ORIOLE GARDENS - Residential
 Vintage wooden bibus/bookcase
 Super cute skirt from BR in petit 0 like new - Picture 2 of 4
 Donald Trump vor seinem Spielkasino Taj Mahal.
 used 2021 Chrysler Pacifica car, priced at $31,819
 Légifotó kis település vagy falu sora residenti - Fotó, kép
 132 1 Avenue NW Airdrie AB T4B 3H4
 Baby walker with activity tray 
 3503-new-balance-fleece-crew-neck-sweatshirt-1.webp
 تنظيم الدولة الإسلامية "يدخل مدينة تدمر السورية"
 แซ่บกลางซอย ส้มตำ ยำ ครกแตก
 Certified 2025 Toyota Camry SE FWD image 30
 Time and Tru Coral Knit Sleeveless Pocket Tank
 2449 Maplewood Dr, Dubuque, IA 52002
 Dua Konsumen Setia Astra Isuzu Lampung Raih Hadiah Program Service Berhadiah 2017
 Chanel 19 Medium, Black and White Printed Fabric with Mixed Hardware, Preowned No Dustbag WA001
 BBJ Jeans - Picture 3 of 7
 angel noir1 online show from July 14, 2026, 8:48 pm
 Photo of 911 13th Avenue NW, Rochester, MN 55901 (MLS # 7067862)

---+---

Using the data above, say how many lines include the word "Picture". Write only that number.

» **Response to this task**
2